En 1909, le millionnaire Alsacien se lance dans un projet fou : créer un fond documentaire en couleurs de tous les peuples du monde ! Son but est de favoriser la paix et la compréhension interculturelle. Pour y parvenir, cet idéaliste utilise
l'autochrome, le premier procédé couleur industriel inventé par les frères Lumière. Révolutionnaire. Ils en ont fait la promotion le 10 juin 1907, dans le magazine L'Illustration. Le procédé n'est pas pour toutes les bourses : il coûte cinq francs la boîte de quatre vues, soit le salaire de deux jours d'un employé des usines Lumière. Mais Albert Kahn a de l'argent, beaucoup d'argent. Il pourrait le faire fructifier aimablement dans le silence ouaté des conseils d'administration. Cet humaniste préfère s'en servir pour mieux connaître l'autre, l'étranger, celui qui est certes différent mais pas contraire. Découvrir le monde par l'image sera le but de sa vie.
Cette idée un peu folle de collecter la mémoire du monde sur des plaques de verre lui est venue l'année précédente, en 1908.
En compagnie de son chauffeur-mécanicien-photographe, Albert Dutertre, le banquier a effectué un tour du monde pendant quatre mois. Ensemble les deux hommes ont traversé l'Amérique. Ils ont parcouru le Japon et la Chine. A leur retour, dans leurs bagages, il y a les inévitables souvenirs mais surtout des centaines de photos et de nombreux films, témoins de leur audacieux périple.
Ses voyages lui ont fait pressentir que des civilisations entières vont s'éteindre. Il faut, coûte que coûte, en garder "des aspects, des pratiques et des modes de l’activité humaine, dont la disparition fatale n’est plus qu’une question de temps ".

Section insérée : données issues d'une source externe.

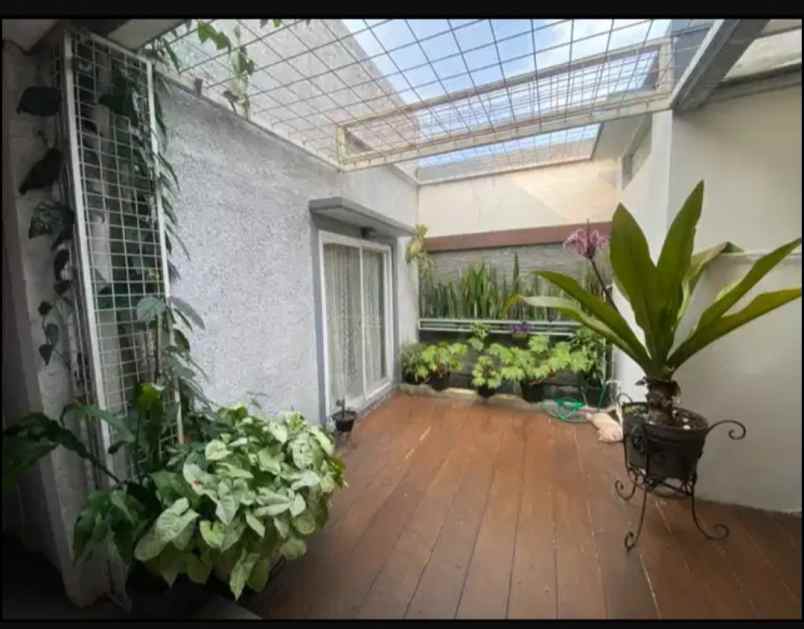 dijual rumah pasteur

Pour parvenir à ce projet, il crée, en 1910, une société, Les Archives de la planète. Jusqu'en 1931, il missionne dans 48 pays de tous les continents reporters et opérateurs de cinéma pour filmer et photographier ce qui n'intéressait (presque) personne : la Palestine des années 20, l'Inde des maharadjas, la montée du fascisme
"La vie, la vie, il n'y a que ça. Il faut aller saisir la vie. A l'étranger, dans la rue. Partout !"
Albert Kahn
Souvent, ces aventuriers de l'image arrivent à des moments historiques cruciaux, comme par exemple lors de l'effondrement des empires ottoman et austro-hongrois. Ils filment les derniers villages traditionnels celtiques en Irlande, les soldats de la Première Guerre mondiale. Ils prennent les premières photographies couleurs dans des pays aussi éloignés que le Brésil, le Vietnam, la Mongolie et la Norvège, le Bénin et les Etats-Unis.
Albert Khan croit toucher au but. Dans sa propriété à Boulogne, l'élite intellectuelle mondiale se réunit chez lui et devise. En 1931, le philosophe Bergson écrira que ce
colloque permanent qui se déroule chez le banquier "a fini par créer quelque chose d'unique : une atmosphère morale que tiennent à venir respirer, ne fût-ce que pour quelques heures, des hommes éminents qui caressent le rêve d'une humanité organisée et meilleure ".
Mais l'homme Kahn reste une enigme.
Il aurait pû être le roi de Paris. Il préfère vivre dans sa maison-palais de Boulogne, sans femme ni enfant.
Ses jours d'opulence sont pourtant comptés.
La crise financière de Wall Street de 1929 arrive en Europe quelques temps plus tard et emporte la plupart des établissements financiers. Elle ruine Albert Kahn, qui meurt le 14 novembre 1940 à Boulogne-Billancourt.
Un de ses boursiers, en 1927, se remémorait l'extraordinaire monsieur, toujours très secret : "C'était un tout petit vieillard, tout chauve, à la barbiche blanche, très simplement habillé, et que l'on aurait pris pour un humble employé retraité, surtout en été avec son veston d'alpaga noir et le grand chapeau qu'il arborait dans son jardin ".
Curieusement, il n'existe pas de film digne de ce nom pour clore ce portrait. Celui qui voulait archiver la planète et qui se ruina pour y parvenir... refusa toujours de se laisser filmer.